:: Problem requirements ::
Exclude the pictures. Transcribe exactly, and only, the lines from the one holding "16. Проект двухэтажного" to the end of the material below.

:: Given data ::

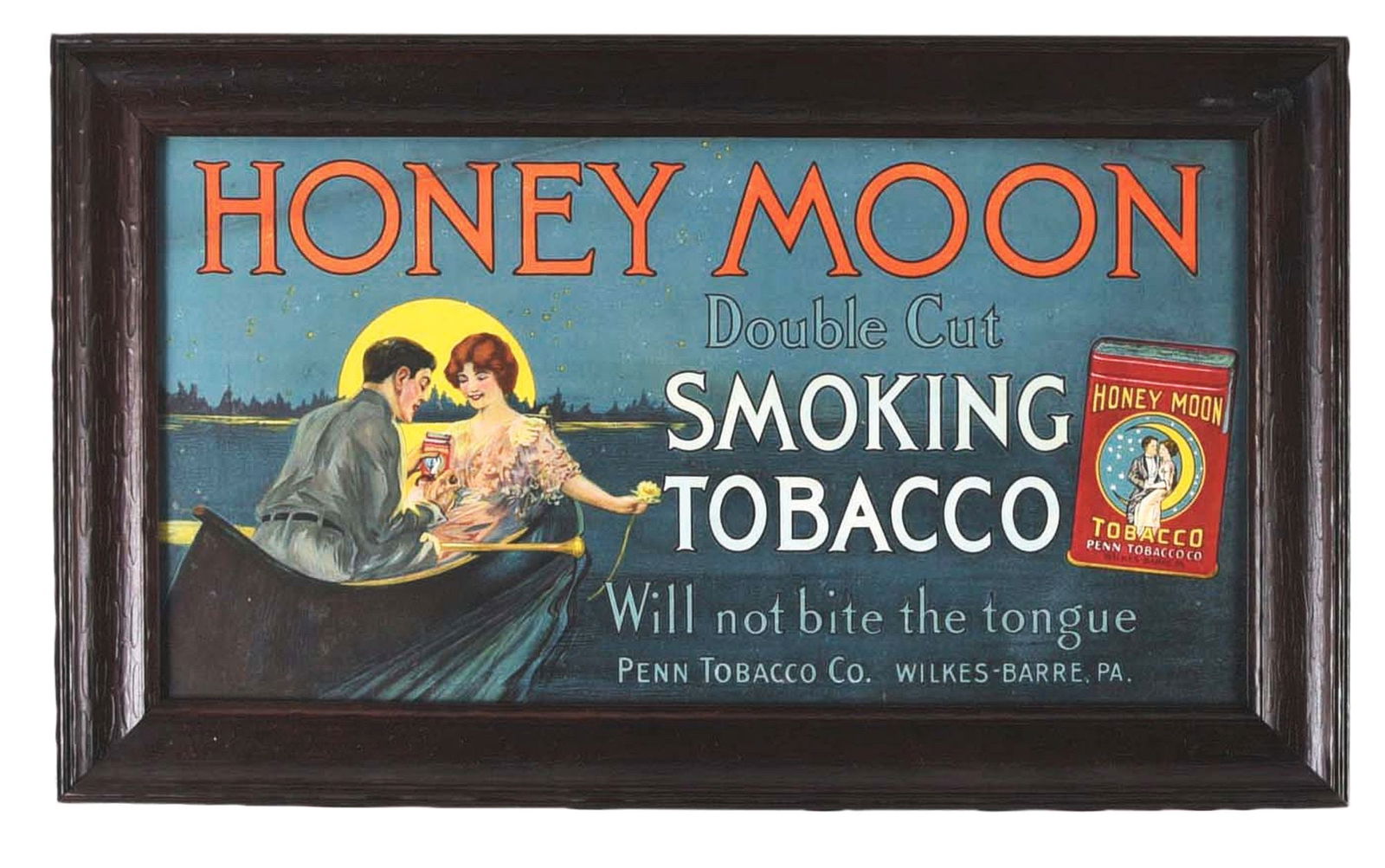 HONEY MOON TROLLY CARD LITHOGRAPH. (1 of 1)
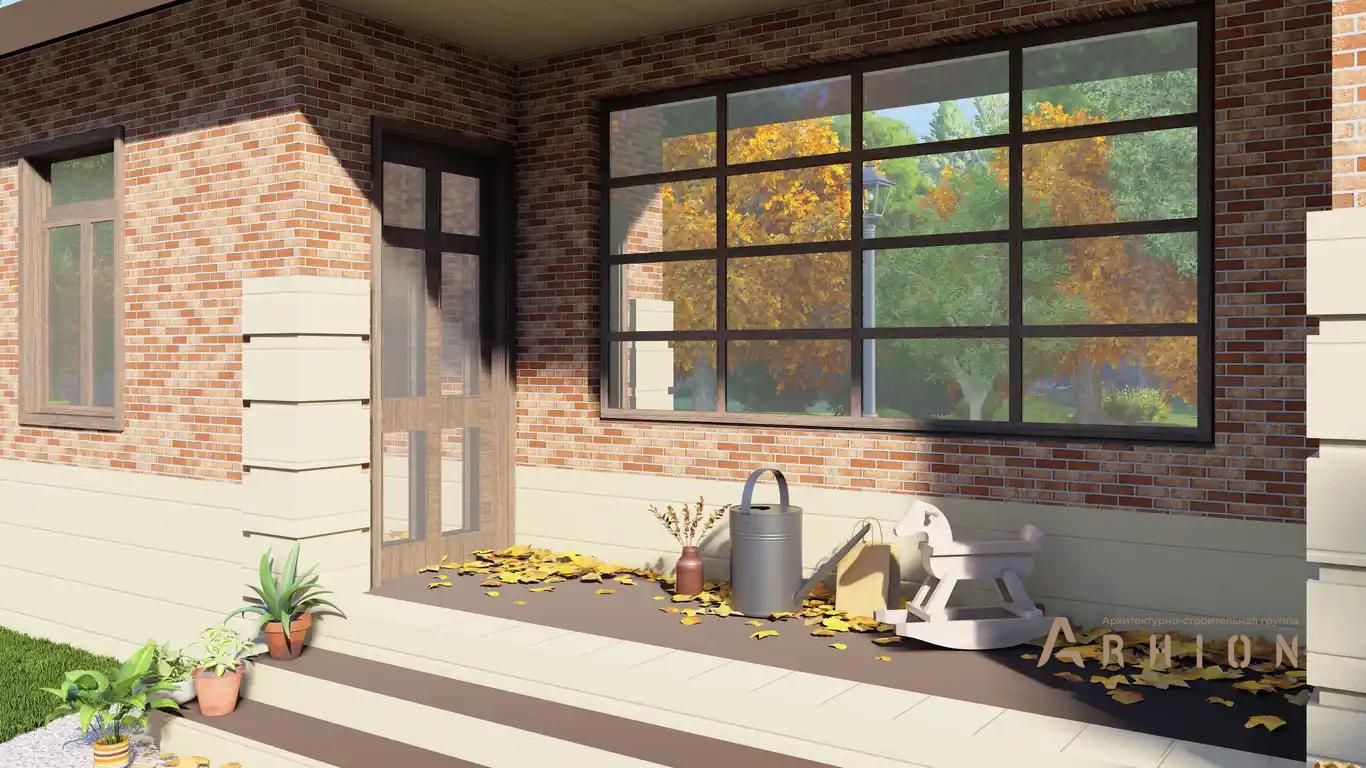 16. Проект двухэтажного дома в европейском стиле с четырехскатной, H-010, площадью - 168 кв c балконом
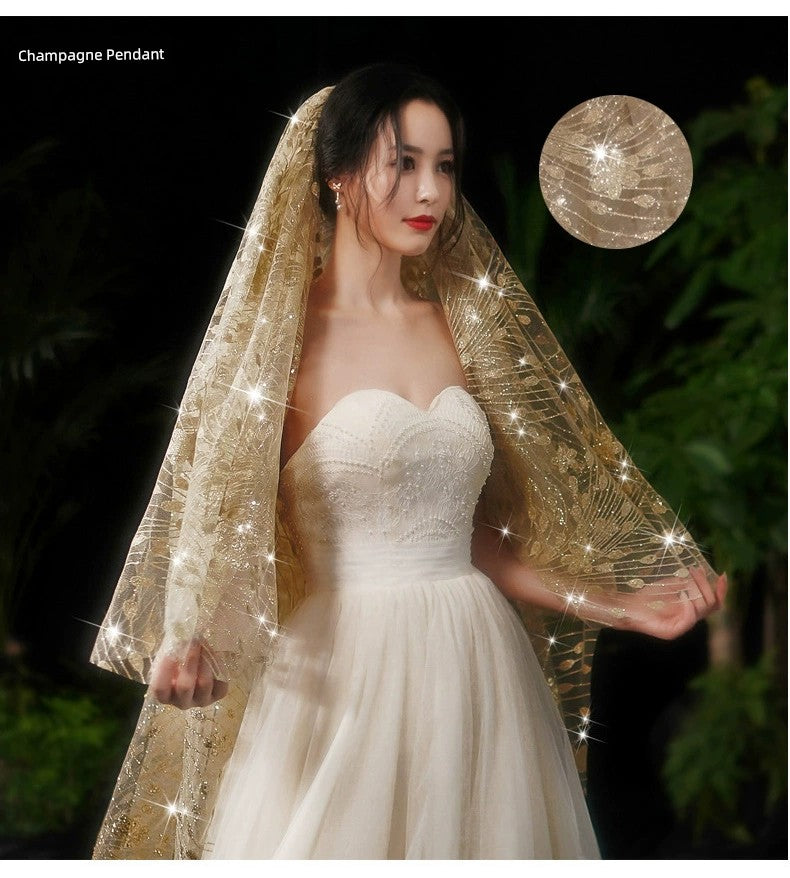 Bride Wedding Long Big Tailing Veil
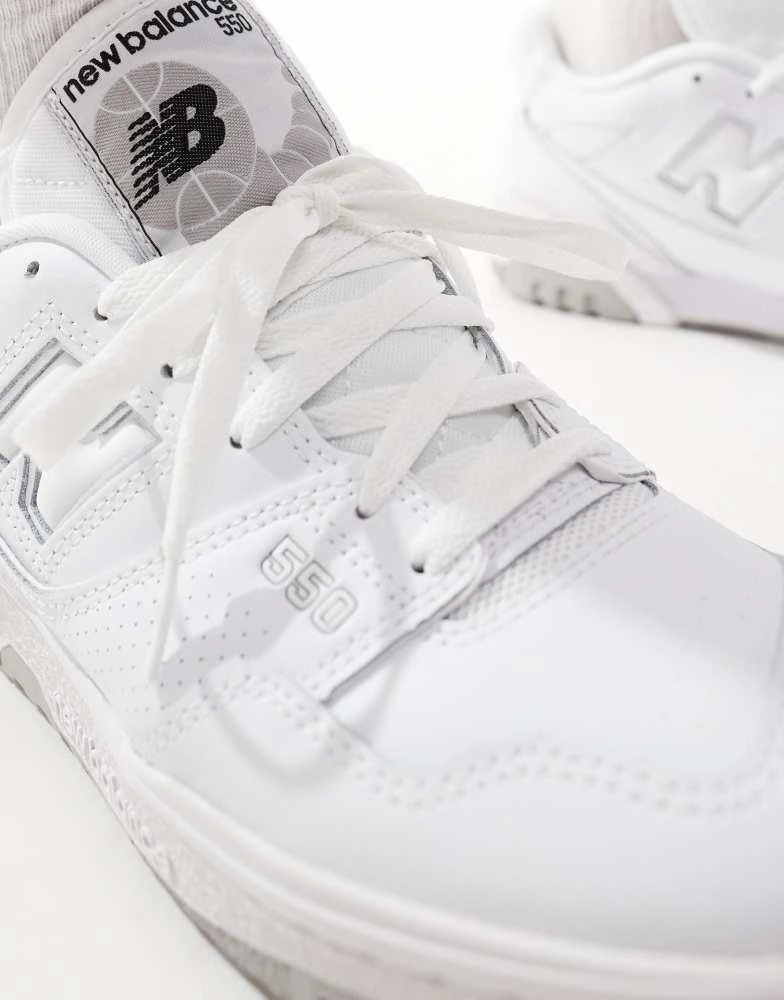 New Balance New Balance 550 trainers in white and grey 4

:: Answer to this task ::
 16. Проект двухэтажного дома в европейском стиле с четырехскатной, H-010, площадью - 168 кв c балконом
 Bride Wedding Long Big Tailing Veil
 New Balance New Balance 550 trainers in white and grey 4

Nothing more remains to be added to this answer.